◆ **Activity**
A faithful, complete transcript of the entries below, without pictures, should be returned.
-- Information follows --
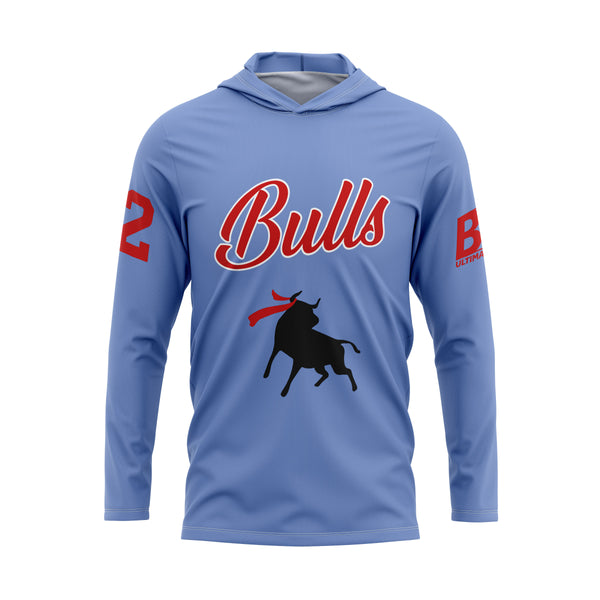 Full Sub N-Knit Sun Hoodie | North Carolina Toro August 2026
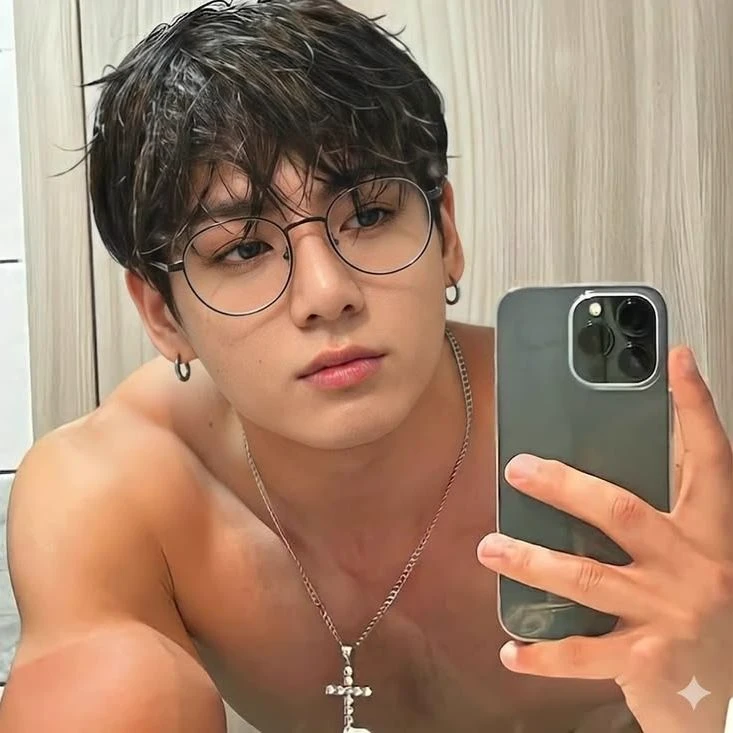 Jeon Jungkook thumbnail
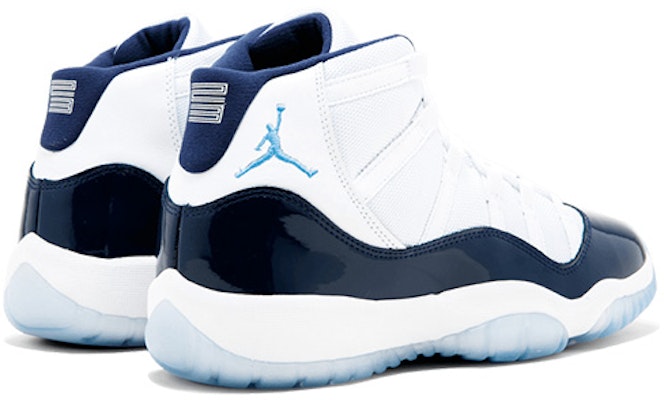(W) 에어 조던 11 레트로 '82 승리' (Air Jordan 11 Retro '82 Victory') 378038-12 Lookbook (W) 에어 조던 11 레트로 '82 승리' (Air Jordan 11 Retro '82 Victory') 378038-12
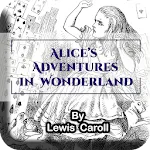 Alices Adventure in Wonderland | Indus Appstore | App Icon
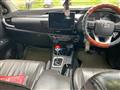 2023 Toyota Hilux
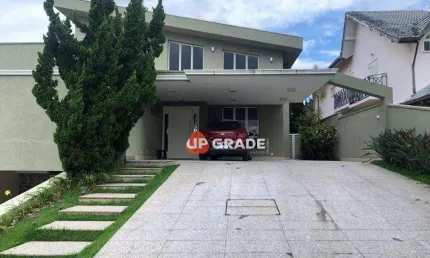 Casa com 4 dormitórios, 525 m² - venda por R$ 6.800.000,00 ou aluguel por R$ 34.973,00/mês - Alphaville Residencial Zero - Barueri/SP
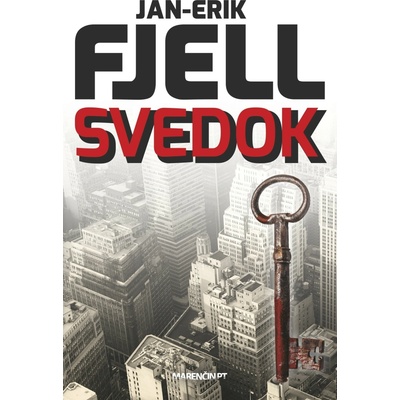 Svedok Jan-Erik Fjell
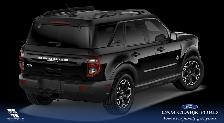 2026 Ford Bronco Sport Outer Banks - Photo 3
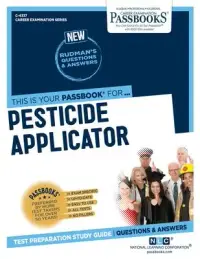 在飛比找博客來優惠-Pesticide Applicator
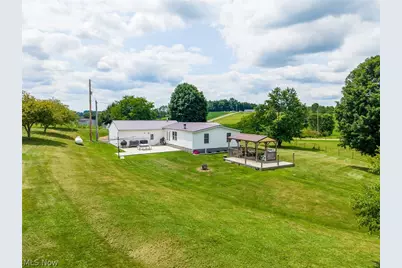 9182 Berry Road, Kingston, OH 43986 - Photo 3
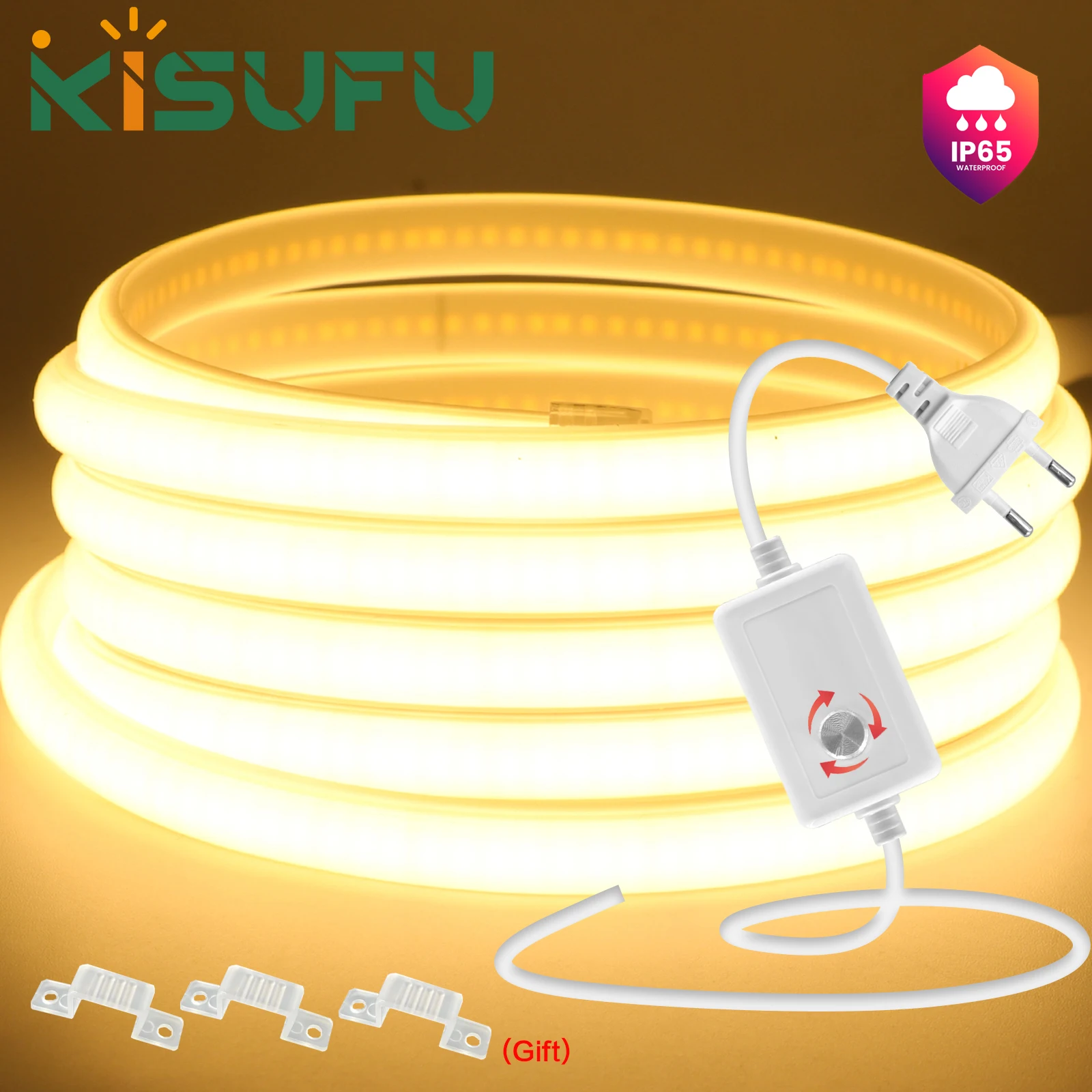 220v-regulavel-cob-led-neon-luz-de-tira-com-interruptor-dimmer-plug-a-prova-dwaterproof-agua-288leds-m-alta-qualidade-tira-neon-jardim-iluminacao-para-casa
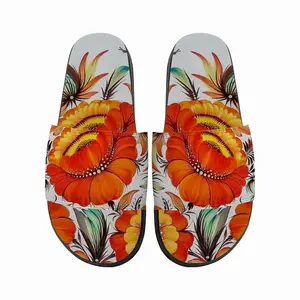 Men Living And Loving Slip On Slippers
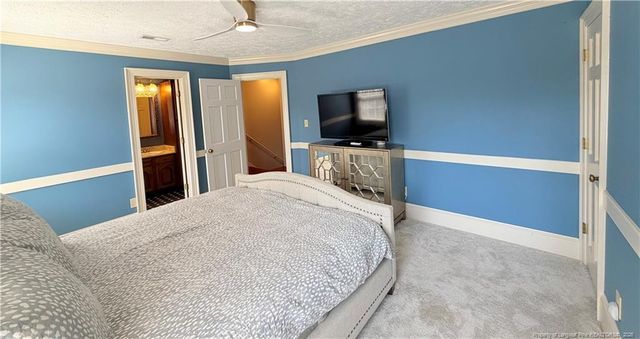 2106 Clinchfield Drive, Fayetteville, NC 28304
-- Information concluded --
◆ **Exercise response**
 Full Sub N-Knit Sun Hoodie | North Carolina Toro August 2026
 Jeon Jungkook thumbnail
(W) 에어 조던 11 레트로 '82 승리' (Air Jordan 11 Retro '82 Victory') 378038-12 Lookbook (W) 에어 조던 11 레트로 '82 승리' (Air Jordan 11 Retro '82 Victory') 378038-12
 Alices Adventure in Wonderland | Indus Appstore | App Icon
 2023 Toyota Hilux
 Casa com 4 dormitórios, 525 m² - venda por R$ 6.800.000,00 ou aluguel por R$ 34.973,00/mês - Alphaville Residencial Zero - Barueri/SP
 Svedok Jan-Erik Fjell
 2026 Ford Bronco Sport Outer Banks - Photo 3
 在飛比找博客來優惠-Pesticide Applicator
 9182 Berry Road, Kingston, OH 43986 - Photo 3
 220v-regulavel-cob-led-neon-luz-de-tira-com-interruptor-dimmer-plug-a-prova-dwaterproof-agua-288leds-m-alta-qualidade-tira-neon-jardim-iluminacao-para-casa
 Men Living And Loving Slip On Slippers
 2106 Clinchfield Drive, Fayetteville, NC 28304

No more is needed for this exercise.